Written 1 December 2018
It was blustery, cold and the sporadic rain was icy and heavy when it hit, but I'd agreed to go to Pablo’s, and I'm nothing if not a woman of my word.
I loved him to bits, but he did possess a level of pathos that could be quite trying, and he couldn't cook. Nevertheless, I popped my umbrella up and headed over.
He answered the door with a sigh. I greeted with a hug and a kiss on two cheeks. You know an evening is going to be difficult when the first sentence uttered is “What's wrong?”
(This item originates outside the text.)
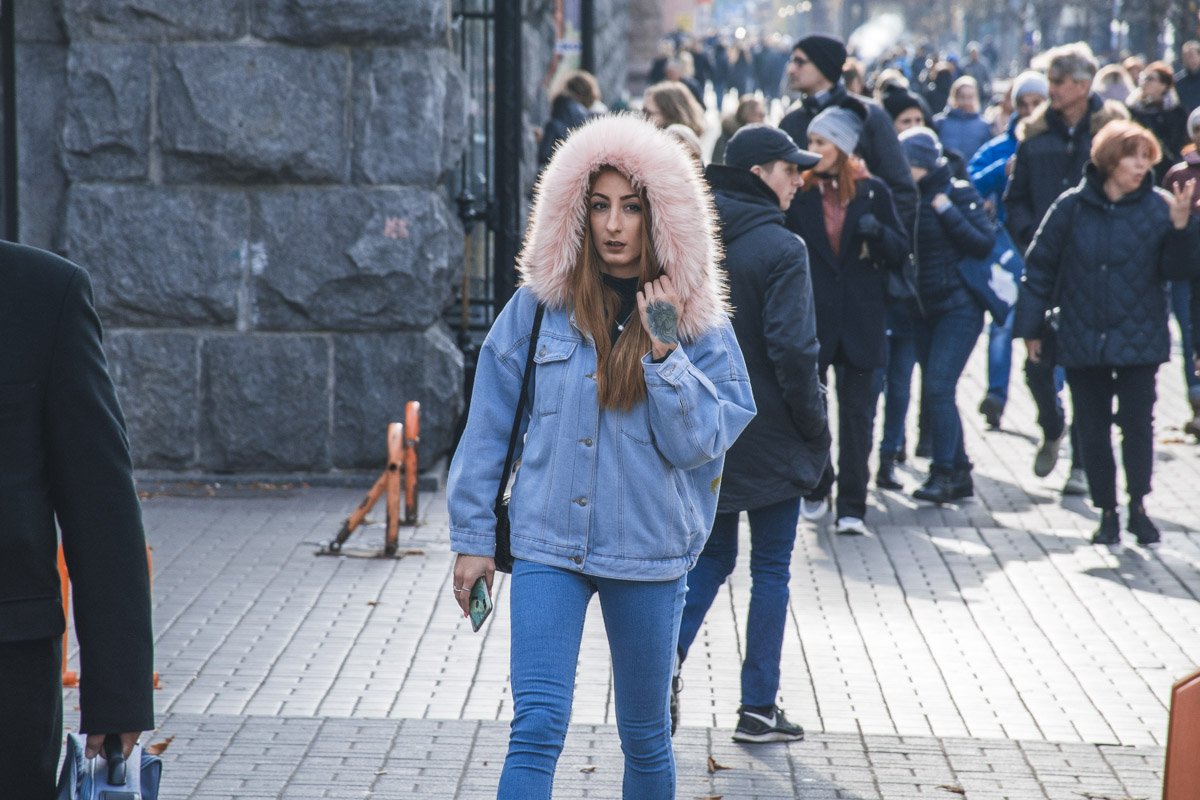 Меха и капюшоны - пора привыкать, ведь зимой такого будет в избытке Меха и капюшоны - пора привыкать, ведь зимой такого будет в избытке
Oh, well, the risotto lacked salt, the honey glazed carrots had caught in the oven, and forget about the raspberry soufflés, there wasn't a chance they were going to rise. Besides the cooking, Geraint hadn't called him back, and there was a write up on his latest show that made no mention of his genius.
“I mean, you would hope they'd at least poise the question?”
I waited patiently for him to take my coat and serve me a drink, but this gesture didn't appear to be forthcoming, so I threw my coat over the back of a dining chair and poured a generous glass of wine.
After 30 minutes of complaining, Pablo eventually asked me how I was. I told him okay. The divorce was coming along smoothly. Alice liked her new school. The shop could be doing better, but considering the state of retail, it wasn't too bad.
He listened, nodded, agreed when he was supposed to agree. He wasn't really taking it in. He continued to look sulky, like just by me talking I'd deprived him of something he felt entitled to.
After the risotto, which indeed was a little lacking in salt, Pablo popped the question.
“Why don't we get married?”
“Besides the fact that I'm already technically married and your gay?”
Pablo was lonely. That was all. He had lots of friends, but most found him too much. The complaining, the theatrics. And I listened. He wasn't looking for an intimate partnership, just someone with a little patience.
He cried on my shoulder a while, confessed to cheating on Geraint, hence why they weren't talking. I baked the soufflés, which didn't rise, and I stayed with my struggling friend for two more bottles of wine before disappearing into the wind to relieve the babysitter.
And despite the pathos, the melancholy, I had a really smashing evening. Pablo was many things, but he was never boring, and I was flattered to be his sound board for his apparently infinite list of problems.